Stepping Into the Work: A Year of Training and Filmmaking

12/24/2019

1 Comment

 
Opening — A Year That Changed Me
A whole year has flown by since I last blogged. For quite a few days, I felt bad that I’d dropped an artistic commitment I’d made to myself to write regularly… until I really let myself acknowledge how much I’ve been in the trenches of creating art, growing, and taking care of life in the past twelve months.
 
So instead of staying in that, I decided to give myself a shout out and douse myself in some well-earned recognition, love, and warm validation.
 
This past year didn’t just fill me up —it changed me.
The Work — Deepening the Craft
At the beginning of 2019, I committed to deepening my craft in a real way.

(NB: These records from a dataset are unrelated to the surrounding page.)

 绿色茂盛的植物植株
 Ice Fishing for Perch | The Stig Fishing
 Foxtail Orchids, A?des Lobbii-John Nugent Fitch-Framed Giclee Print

I immersed myself in a three-and-a-half-month intensive series of online acting classes with Jo Kelly, followed later in the year by an industry-standard audition intensive with Crystal Carson in Atlanta.
 
Alongside that, I completed five Masterclass online courses across acting, directing, filmmaking, and screenwriting subjects, took a six-week acting/storytelling class at Grand Street community theatre, and stayed engaged in a monthly play-reading study group. I made time to see fellow artists’ shows and performances —continuing to learn not just from study, but from being in the creative ecosystem itself.
 
These classes became about more than training. I began to understand more deeply why I’m an artist —shedding things, people, and processes that didn’t support that— and building ways of working that align with how I learn and how I stay creatively alive and full.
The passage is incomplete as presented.